%%

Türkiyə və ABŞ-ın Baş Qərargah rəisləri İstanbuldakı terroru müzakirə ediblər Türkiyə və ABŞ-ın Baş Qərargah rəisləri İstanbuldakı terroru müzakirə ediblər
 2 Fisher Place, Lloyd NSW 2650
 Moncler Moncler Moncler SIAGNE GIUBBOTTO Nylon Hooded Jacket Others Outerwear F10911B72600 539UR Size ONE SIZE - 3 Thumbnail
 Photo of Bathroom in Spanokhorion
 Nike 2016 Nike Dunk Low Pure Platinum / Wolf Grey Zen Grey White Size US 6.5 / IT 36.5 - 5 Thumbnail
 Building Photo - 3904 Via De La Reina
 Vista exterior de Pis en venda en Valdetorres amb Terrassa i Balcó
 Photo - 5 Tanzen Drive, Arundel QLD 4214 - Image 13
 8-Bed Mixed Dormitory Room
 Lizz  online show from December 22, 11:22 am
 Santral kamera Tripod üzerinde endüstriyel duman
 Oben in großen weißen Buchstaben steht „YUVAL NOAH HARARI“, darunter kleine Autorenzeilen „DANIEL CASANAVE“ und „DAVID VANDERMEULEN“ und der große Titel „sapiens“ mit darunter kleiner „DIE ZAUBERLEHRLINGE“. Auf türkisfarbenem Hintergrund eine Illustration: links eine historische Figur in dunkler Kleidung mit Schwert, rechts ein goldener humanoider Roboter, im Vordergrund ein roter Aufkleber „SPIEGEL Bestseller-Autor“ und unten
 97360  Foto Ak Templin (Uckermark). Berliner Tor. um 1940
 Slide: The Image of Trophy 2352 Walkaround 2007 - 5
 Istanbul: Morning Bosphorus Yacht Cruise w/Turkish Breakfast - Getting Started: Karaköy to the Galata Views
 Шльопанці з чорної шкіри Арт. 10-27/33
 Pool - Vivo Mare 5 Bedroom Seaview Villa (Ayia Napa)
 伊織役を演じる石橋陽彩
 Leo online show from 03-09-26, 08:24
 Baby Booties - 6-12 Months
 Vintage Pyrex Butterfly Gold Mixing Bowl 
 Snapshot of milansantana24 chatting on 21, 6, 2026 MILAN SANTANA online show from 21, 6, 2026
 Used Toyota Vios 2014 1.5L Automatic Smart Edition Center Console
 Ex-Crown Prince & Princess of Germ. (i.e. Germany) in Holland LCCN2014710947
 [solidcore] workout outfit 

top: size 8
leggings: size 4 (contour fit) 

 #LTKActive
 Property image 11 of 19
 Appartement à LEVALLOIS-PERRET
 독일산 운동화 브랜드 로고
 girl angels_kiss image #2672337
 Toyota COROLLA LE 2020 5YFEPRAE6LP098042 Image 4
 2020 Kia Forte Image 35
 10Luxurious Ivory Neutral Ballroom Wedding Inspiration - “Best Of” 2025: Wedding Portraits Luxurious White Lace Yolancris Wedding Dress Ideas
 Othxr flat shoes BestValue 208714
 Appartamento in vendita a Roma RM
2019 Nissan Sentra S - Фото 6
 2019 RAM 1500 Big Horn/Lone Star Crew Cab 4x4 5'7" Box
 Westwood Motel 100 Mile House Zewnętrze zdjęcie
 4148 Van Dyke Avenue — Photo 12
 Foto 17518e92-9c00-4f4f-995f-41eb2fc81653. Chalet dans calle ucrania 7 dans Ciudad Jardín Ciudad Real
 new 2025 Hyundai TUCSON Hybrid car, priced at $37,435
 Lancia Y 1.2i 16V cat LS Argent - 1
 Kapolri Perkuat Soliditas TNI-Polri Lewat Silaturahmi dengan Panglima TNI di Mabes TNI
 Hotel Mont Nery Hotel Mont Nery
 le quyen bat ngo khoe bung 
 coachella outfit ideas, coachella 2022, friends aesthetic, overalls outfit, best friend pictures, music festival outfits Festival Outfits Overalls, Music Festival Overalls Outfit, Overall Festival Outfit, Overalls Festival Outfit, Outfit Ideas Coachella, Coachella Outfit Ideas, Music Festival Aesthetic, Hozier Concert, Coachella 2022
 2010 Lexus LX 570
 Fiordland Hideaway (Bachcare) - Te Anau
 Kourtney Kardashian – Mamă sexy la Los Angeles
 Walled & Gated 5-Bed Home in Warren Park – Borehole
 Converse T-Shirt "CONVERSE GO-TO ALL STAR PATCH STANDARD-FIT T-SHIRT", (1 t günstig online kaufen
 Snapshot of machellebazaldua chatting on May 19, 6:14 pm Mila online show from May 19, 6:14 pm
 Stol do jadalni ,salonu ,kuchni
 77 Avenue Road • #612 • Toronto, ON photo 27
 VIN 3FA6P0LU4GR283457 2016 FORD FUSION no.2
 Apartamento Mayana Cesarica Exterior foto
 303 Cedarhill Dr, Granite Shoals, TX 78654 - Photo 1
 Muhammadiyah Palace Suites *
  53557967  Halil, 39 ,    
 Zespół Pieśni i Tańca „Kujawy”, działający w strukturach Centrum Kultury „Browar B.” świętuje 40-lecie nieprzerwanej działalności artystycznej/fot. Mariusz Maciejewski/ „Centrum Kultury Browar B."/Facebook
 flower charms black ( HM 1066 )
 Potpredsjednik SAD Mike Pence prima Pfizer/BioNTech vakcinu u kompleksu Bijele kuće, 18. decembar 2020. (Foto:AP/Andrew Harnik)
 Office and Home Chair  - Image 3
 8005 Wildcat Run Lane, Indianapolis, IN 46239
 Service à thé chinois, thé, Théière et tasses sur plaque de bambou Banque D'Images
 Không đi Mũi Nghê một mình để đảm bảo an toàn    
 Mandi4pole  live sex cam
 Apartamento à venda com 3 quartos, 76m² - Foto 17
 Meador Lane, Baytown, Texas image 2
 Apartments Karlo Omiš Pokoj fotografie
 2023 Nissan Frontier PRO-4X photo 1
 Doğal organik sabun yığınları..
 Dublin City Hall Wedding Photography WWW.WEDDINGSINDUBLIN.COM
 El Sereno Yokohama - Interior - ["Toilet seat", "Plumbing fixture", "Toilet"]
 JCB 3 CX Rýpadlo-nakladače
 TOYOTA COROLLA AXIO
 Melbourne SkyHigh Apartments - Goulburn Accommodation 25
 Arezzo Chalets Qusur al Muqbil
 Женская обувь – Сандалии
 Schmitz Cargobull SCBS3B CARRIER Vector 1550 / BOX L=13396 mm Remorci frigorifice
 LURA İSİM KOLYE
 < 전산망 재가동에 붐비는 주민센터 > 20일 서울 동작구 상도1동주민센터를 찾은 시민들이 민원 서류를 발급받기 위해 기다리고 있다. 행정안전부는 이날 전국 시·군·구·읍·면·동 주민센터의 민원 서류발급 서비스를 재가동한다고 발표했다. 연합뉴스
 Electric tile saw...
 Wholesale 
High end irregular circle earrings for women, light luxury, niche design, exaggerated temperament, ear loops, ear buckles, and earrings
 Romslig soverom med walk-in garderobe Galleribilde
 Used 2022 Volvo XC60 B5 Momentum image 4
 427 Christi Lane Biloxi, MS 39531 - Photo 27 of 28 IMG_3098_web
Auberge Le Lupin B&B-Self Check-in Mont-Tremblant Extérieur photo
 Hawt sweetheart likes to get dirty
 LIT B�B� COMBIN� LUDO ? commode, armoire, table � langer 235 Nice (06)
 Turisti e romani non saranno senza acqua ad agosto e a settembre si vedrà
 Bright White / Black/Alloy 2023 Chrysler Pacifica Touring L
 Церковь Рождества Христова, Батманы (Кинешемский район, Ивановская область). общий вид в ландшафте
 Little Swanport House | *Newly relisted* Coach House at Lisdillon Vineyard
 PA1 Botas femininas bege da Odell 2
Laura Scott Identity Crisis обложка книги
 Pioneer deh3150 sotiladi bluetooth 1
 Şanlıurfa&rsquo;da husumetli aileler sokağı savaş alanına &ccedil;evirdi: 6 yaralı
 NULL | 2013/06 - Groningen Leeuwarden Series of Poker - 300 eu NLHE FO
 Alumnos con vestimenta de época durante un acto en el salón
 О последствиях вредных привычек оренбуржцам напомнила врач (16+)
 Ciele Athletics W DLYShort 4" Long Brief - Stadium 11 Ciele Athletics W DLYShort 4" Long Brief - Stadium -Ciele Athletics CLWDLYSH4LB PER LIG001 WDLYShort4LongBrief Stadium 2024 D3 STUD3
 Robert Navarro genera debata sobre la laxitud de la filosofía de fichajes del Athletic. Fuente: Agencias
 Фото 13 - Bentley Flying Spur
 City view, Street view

%%

WHAT THE TASK REQUIRES — Where a line above contains the string "venda", tally it, then give the number alone.

YOUR RESPONSE — 2